Hermione held out her hand and looked into the eyes of the other woman. She knew Ursula as an immediate rival, and the knowledge strangely exhilarated her. Also she was taking leave. It always gave her a sense of strength, advantage, to be departing and leaving the other behind. Moreover she was taking the man with her, if only in hate.
Birkin stood aside, fixed and unreal. But now, when it was his turn to bid good-bye, he began to speak again.
“There’s the whole difference in the world,” he said, “between the actual sensual being, and the vicious mental-deliberate profligacy our lot goes in for. In our night-time, there’s always the electricity switched on, we watch ourselves, we get it all in the head, really. You’ve got to lapse out before you can know what sensual reality is, lapse into unknowingness, and give up your volition. You’ve got to do it. You’ve got to learn not-to-be, before you can come into being.
“But we have got such a conceit of ourselves—that’s where it is. We are so conceited, and so unproud. We’ve got no pride, we’re all conceit, so conceited in our own papier-mâché realised selves. We’d rather die than give up our little self-righteous self-opinionated self-will.”

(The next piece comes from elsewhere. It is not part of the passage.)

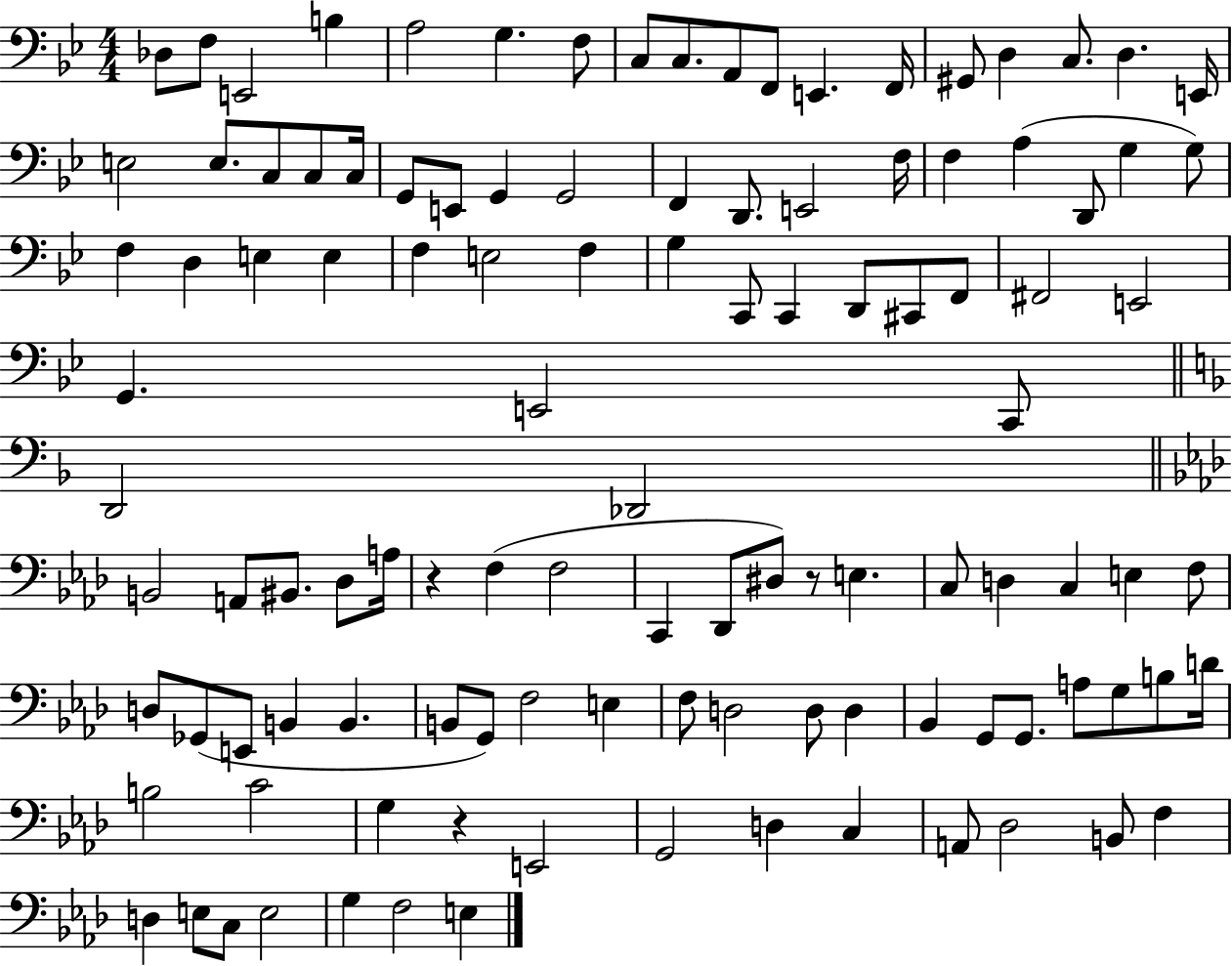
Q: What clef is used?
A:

There was silence in the room. Both women were hostile and resentful. He sounded as if he were addressing a meeting. Hermione merely paid no attention, stood with her shoulders tight in a shrug of dislike.
Ursula was watching him as if furtively, not really aware of what she was seeing. There was a great physical attractiveness in him—a curious hidden richness, that came through his thinness and his pallor like another voice, conveying another knowledge of him. It was in the curves of his brows and his chin, rich, fine, exquisite curves, the powerful beauty of life itself, something like laughter, invisible and satisfying. Also the magic of his thighs had fascinated her: the inner slopes of his thighs. She could not say what it was. But there was a sense of richness and of strong, free liberty.
“But we are sensual enough, without making ourselves so, aren’t we?” she asked, turning to him with a certain golden laughter flickering under her greenish eyes, like a challenge. And immediately the queer, careless, terribly attractive smile came over his eyes and brows, though his mouth did not relax.
“No,” he said, “we weren’t. We’re too full of ourselves.”
“Surely it isn’t a matter of conceit,” she cried.